Uzi Benziman
Haaretz
January 14, 2008 - 6:12pm
http://www.haaretz.com/hasen/spages/944033.html


The new term in the Israeli diplomatic lexicon is "shelf agreement." President George W. Bush begged Prime Minister Ehud Olmert and Palestinian President Mahmoud Abbas to redouble their efforts to create the outline of a final-status agreement, and the two sounded as if they intended to carry out the task. The new effort's starting assumption is that even if the redeeming formulas are found and understandings are reached on all the controversial issues, an agreement will not be signed due to the political difficulties each leader faces. Instead, the agreement will be put on the shelf to be available at the right time. In any case, the current effort is considered significant and has aroused opposition on the Israeli right.

The simple truth is that the outline of the final-status agreement is known, and there is no need for a whole year to turn it into a polished diplomatic accord. Formulas are not lacking, but rather the daring and willingness to transform the reality that has been created in Judea and Samaria since June 1967. Bush himself, in his public appearances here, marked out the basic lines of the only possible agreement between Israel and the Palestinians: An almost total withdrawal to the 1967 lines, the end of the occupation and the establishment of a Palestinian state in the West Bank and Gaza with territorial contiguity between them, a solution to the refugee problem without implementing the right of return, and a practical solution to the Palestinian demand to extend their sovereignty over part of Jerusalem.

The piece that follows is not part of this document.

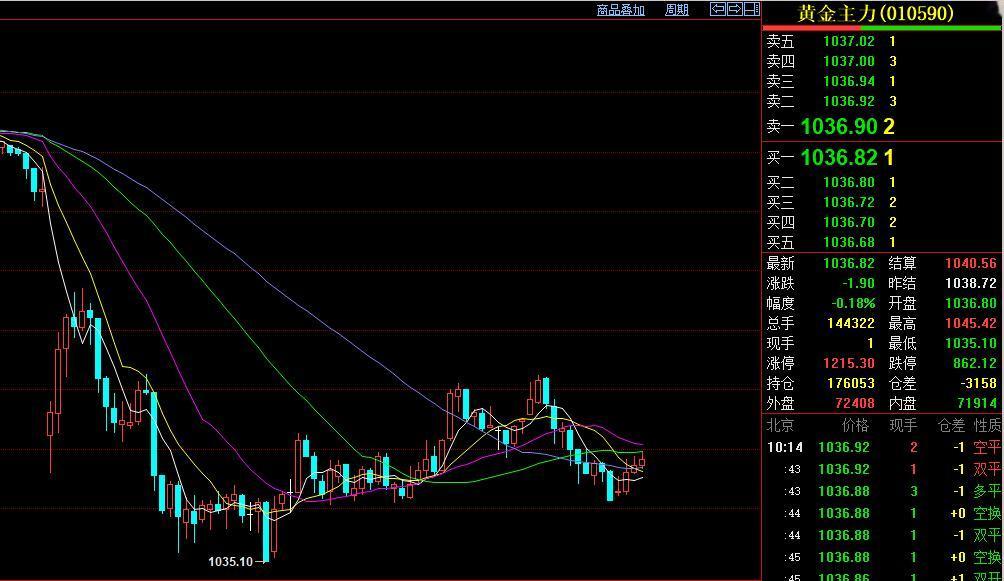 又是老套路，
真是套路不会过时。
随着外盘的大幅低开，
日内恢复交易以后，
国内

An outline of this type was already discussed in Camp David in July 2000 (and was rejected by Yasser Arafat). It was reworked and tightened in a version presented by President Bill Clinton that December. The Saudi initiative is not too far from these proposals, and, it will be recalled, Olmert spoke of it in a positive tone. In other words, no earth-shattering surprises are expected from the parties in the negotiations on the final-status agreement; the main points are already known. What is needed, first and foremost, is the willingness and courage to attain an agreement.

Over the generations, the Israeli leadership has made do with foreplay while being afraid to reach the goal (with the exceptions of Yitzak Rabin, who lost his life over the goal, and Ehud Barak, who lost the government). And the entire society has made do in this way as well. When Julius Caesar crossed the Rubicon, he broke a sacred taboo; he brought his army into a forbidden zone intended to protect the Roman Republic. Ever since, his act has symbolized a step from which there is no return.

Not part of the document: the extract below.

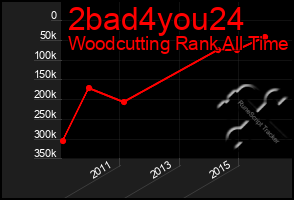 Total Graph of 2bad4you24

Israeli society, in contrast, is afraid to fundamentally change the reality it created in Judea and Samaria. The surveys released over the weekend show that the public continues to prefer the status quo over change. According to the current mood, the right wing is much larger than the center-left. A Haaretz-Dialog poll shows 74 seats going to the right and 46 to the center and left. According to a Dahaf-Yedioth Ahronoth poll, 68 go to the right, 48 to the center and left, and 4 are undefined.

In other words, Israeli society is not pushing its leaders to reach an agreement with the Palestinians. When Israeli governments let ostensible agreements with the Palestinians slip away, when they ignore pledges they gave to the Palestinians (or the Americans), when they avoid dealing with the conflict's core issues - they are spot on as far as the public mood is concerned. A leader has still not been found who will sweep the people in a new direction, who will lead them across the Rubicon.

Therefore the new declared goal, that of a "shelf agreement," sounds more like an alibi than a goal to foster real action. It may not be different from previous Israeli excuses to avoid reaching the moment of truth in talks with the Palestinians: "There is no one to talk to," "a chick that did not sprout feathers," "an entity lacking the ability to govern."

Not that there is no substance to these analyses of the Palestinian leaders' skills over the generations, and of the basic situation in the society they head. But they do not absolve Israeli society from its responsibility for perpetuating the status quo: A political stream has still not been created that is broad enough and strong enough to loudly demand that its leaders sign a final-status agreement whose outline is known to everyone, and to implement it.